24 HOURS WITH GASPAR
Director: Yosep Anggi Noen
An action-packed martial arts adventure set in a steampunk futuristic version of Indonesia in 2032 that will put you on the edge of your seat from start to finish. When Gaspar's (Reza Rahadian) artificial heart starts malfunctioning, he is given 24 hours to live. That's just enough time for him to put together a team of assassins (Shenina Cinnamon and Laura Basuki on top form) to help him investigate a mass slaughter case involving the government. Along the way, he encounters an informant who hints that everything ties into the long-ago disappearance of Gaspar's childhood friend Kirana at the hands of a human-trafficking crook.

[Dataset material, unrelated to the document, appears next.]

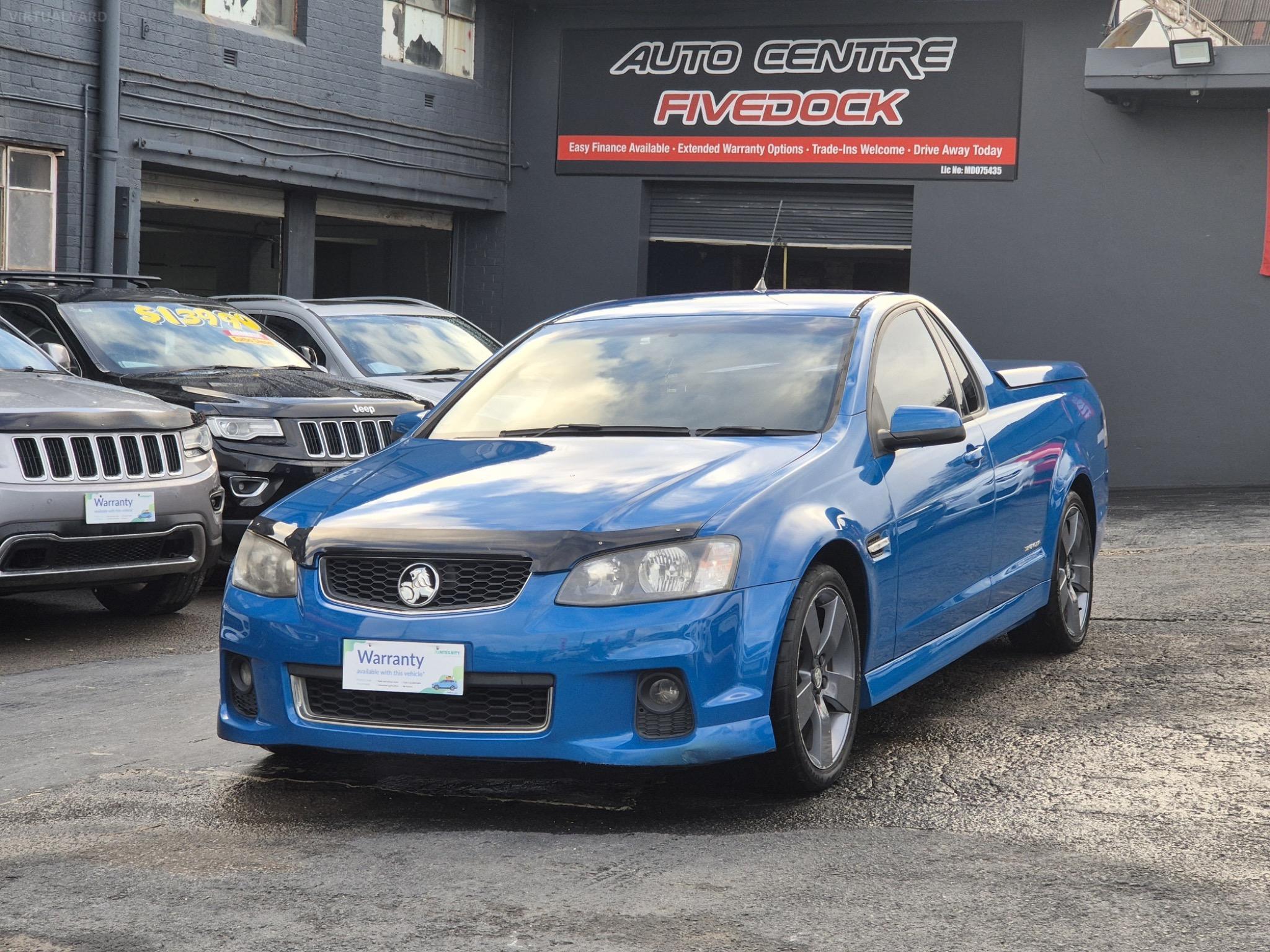 Holden Ute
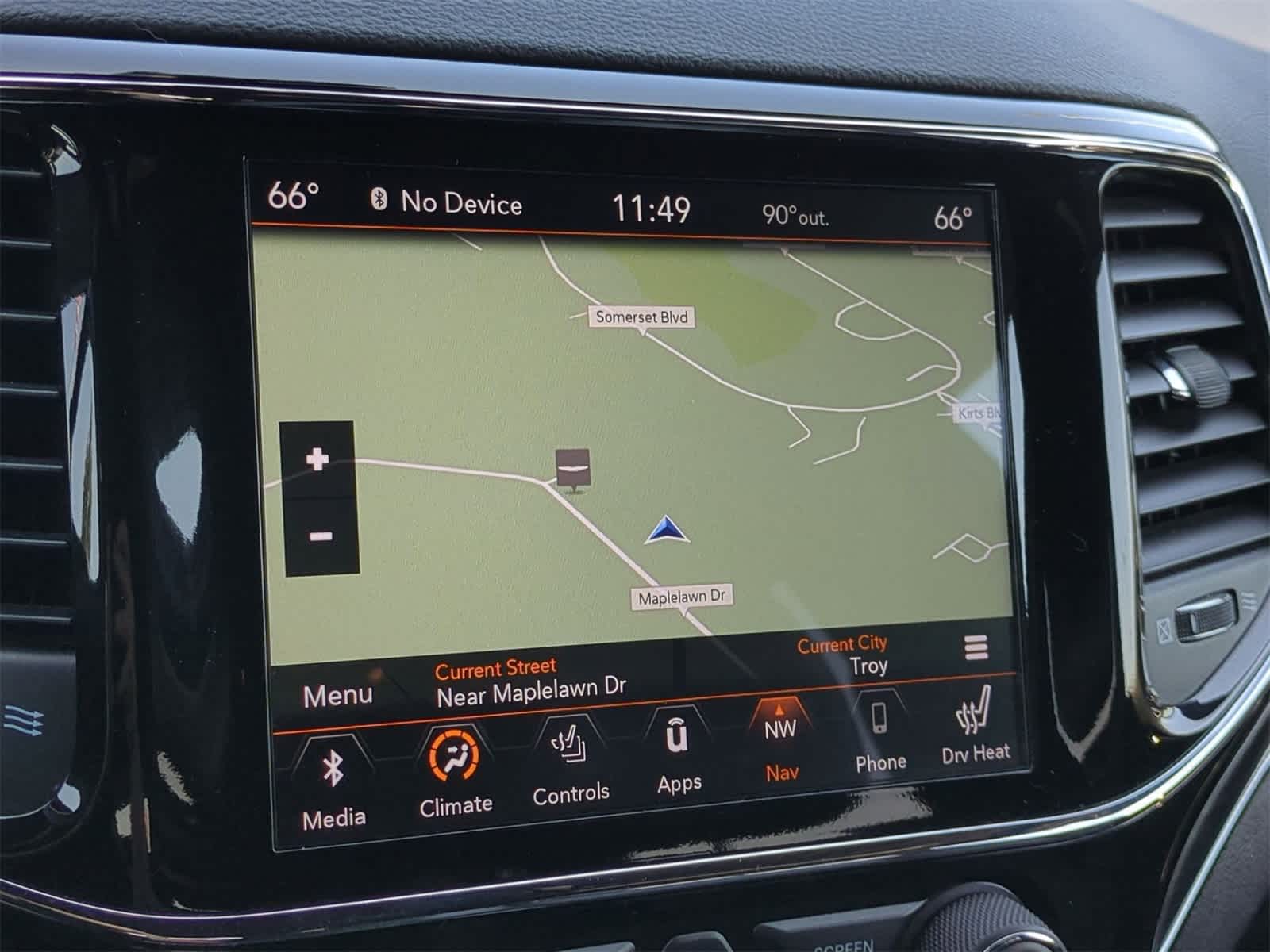 Thumbnail: 2020 Jeep Grand Cherokee - 26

Director Yosep Anggi Noen puts the audience through its paces in this visually stunning thriller.
FRESH KILLS
Director: Jennifer Esposito
When the Larusso family moves from Brooklyn to Staten Island, mother Francine (played by the director) hopes they will be far enough from the city’s criminal networks to forget about how her husband finances their luxe lifestyle. But business is all about family in the Mafia, which leaves unhappy youngest daughter Rose (Emily Bader) in a quandary: if she breaks free from the Mob, will she make enemies out of her mother and sister, both mob wives but also the people closest to her? Original and emotionally complex, this is a story about the people ignored or sidelined in almost all the mafia movies ever made: the women born, raised and married to a world they are not allowed to leave.
HESITATION WOUND
Director: Selman Nacar
Criminal lawyer Canan (an excellent Tulin Ozen) faces the last day of a murder trial in which she is defending a factory worker accused of killing his boss; her client’s scar is the “hesitation wound” of the title. As usual, she has spent the night by her comatose mother’s hospital bed, but she is never less than elegant, incisive and in control, even as a key witness goes missing and the courtroom’s ceiling plaster starts falling down during her closing speech. Her sister argues they should let their mother die, but Canan can’t just let go of anything. A remarkable portrait of a woman dealing with the failing Turkish legal system while facing her own demons and decisions.
THE UNIVERSAL THEORY
Director: Timm Kröger
A congress for theoretical physicists in the snow-covered Swiss Alps is the spectacular setting for this truly extraordinary film, which plays with the idea of the multiverse and the infinite possibilities it suggests. Doctoral student Johannes (Jan Bulow) arrives with his disagreeable supervisor, expecting to hear an eminent Iranian scientist talk about his theory of quantum mechanics. But the keynote speaker doesn’t show up, another scientist is murdered, strange and apparently poisonous clouds billow overhead and, most mysteriously of all, there are ominous roars coming from tunnels rumoured to run under the mountains. Meanwhile, Johannes is falling for the hotel’s enigmatic pianist (Olivia Ross) who seems to know things about him he hasn’t told anyone – not in this universe, anyway.